Si tratta del cosiddetta risk-reversal rate, un rivelatore del posizionamento e del sentiment del mercato, il quale è già calato ai minimi da maggio 2016, proprio prima del referendum sul Brexit, sintomo che oggi i traders sono molto più cauti nelle loro scommesse. Di più, quest’altro grafico ci mostra i come mercati del credito sovrano segnalino un elevato rischio Paese della Francia nei confronti della Germania.

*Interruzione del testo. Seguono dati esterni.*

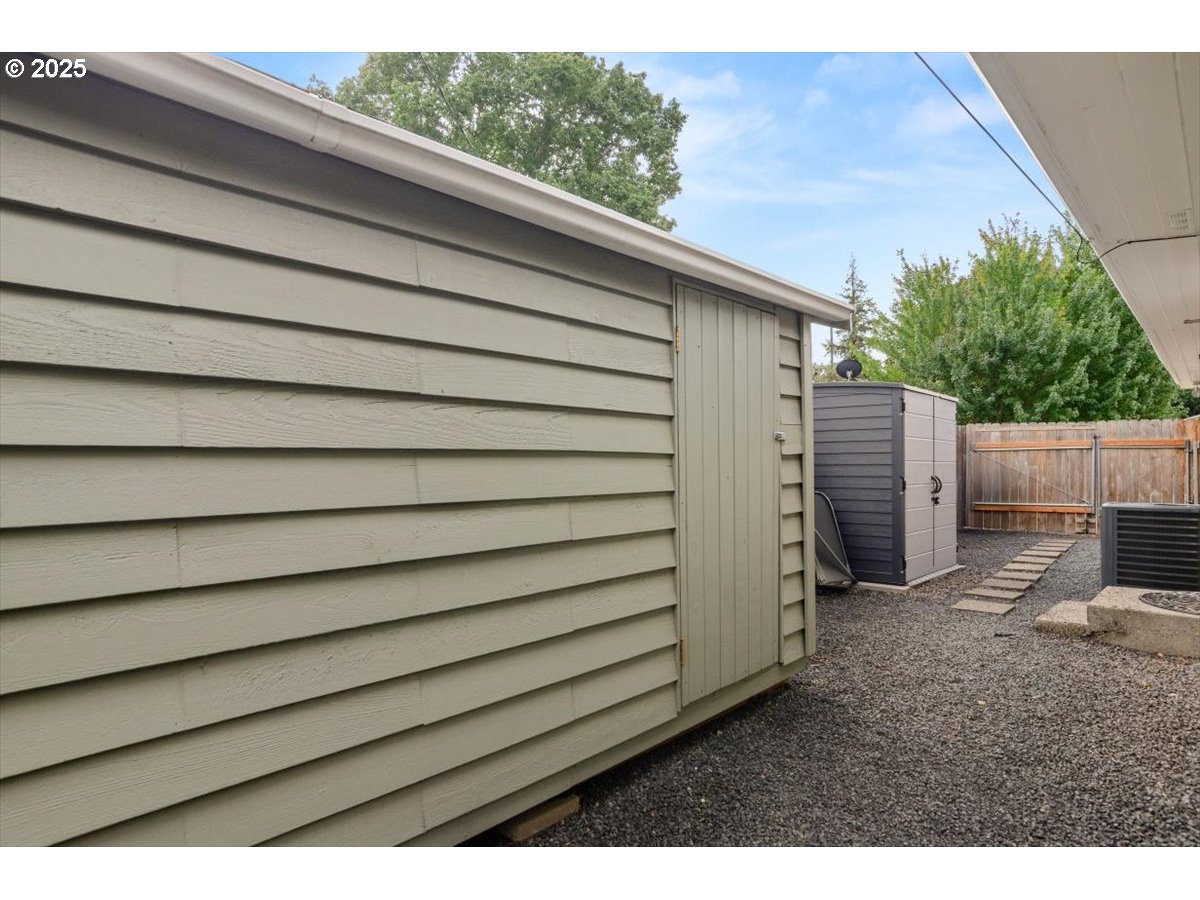 9845 Southwest Eagle Lane Beaverton, OR 97008 - Photo 40 of 46 Tool Shed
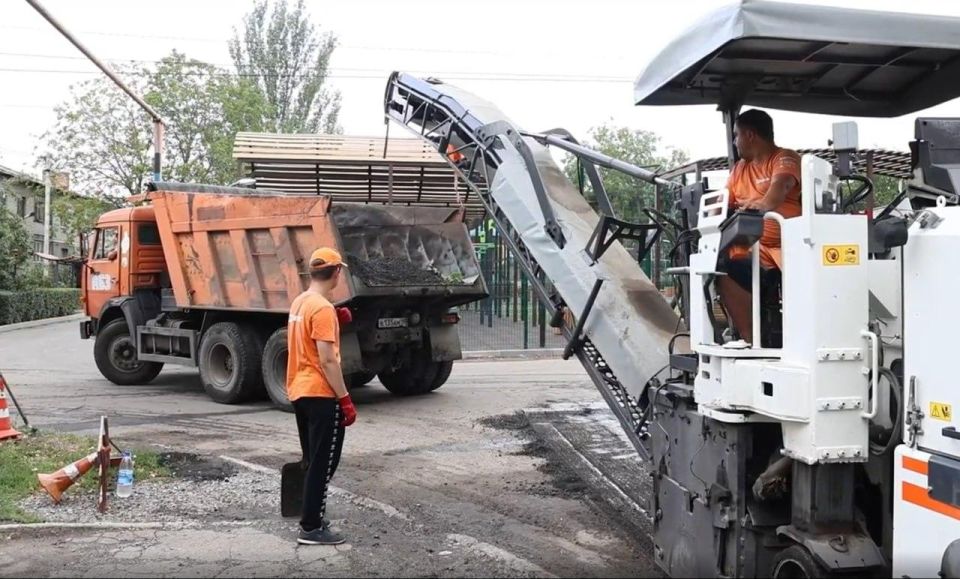 В Старобешевском округе стартовали восстановительные работы, реализуемые при поддержке Бурятии В Старобешевском округе стартовали восстановительные работы, реализуемые при поддержке Бурятии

La domanda è una sola: se oggi, sul mero e formalmente molto improbabile timore dell’arrivo della Le Pen all’Eliseo, ci troviamo di fronte a posizioni hedge di questo livello, cosa accadrebbe se l’impossibile divenisse realtà il 7 maggio prossimo? Il fatto che poi, ieri pomeriggio, Goldman Sachs abbia operato il downgrade sui bond francesi, invitando la propria clientela «ad aprire shorts tattici sull’Oat, visto che la duration appare ormai troppo cara» rispetto al rischio Paese, parla molto chiaro. Certo, se per contrastare la Le Pen si continueranno strumentalmente a scomodare fatti di 70 anni fa, sperando in una scivolata antisemita, meglio davvero posizionarsi tutti per una sorpresa.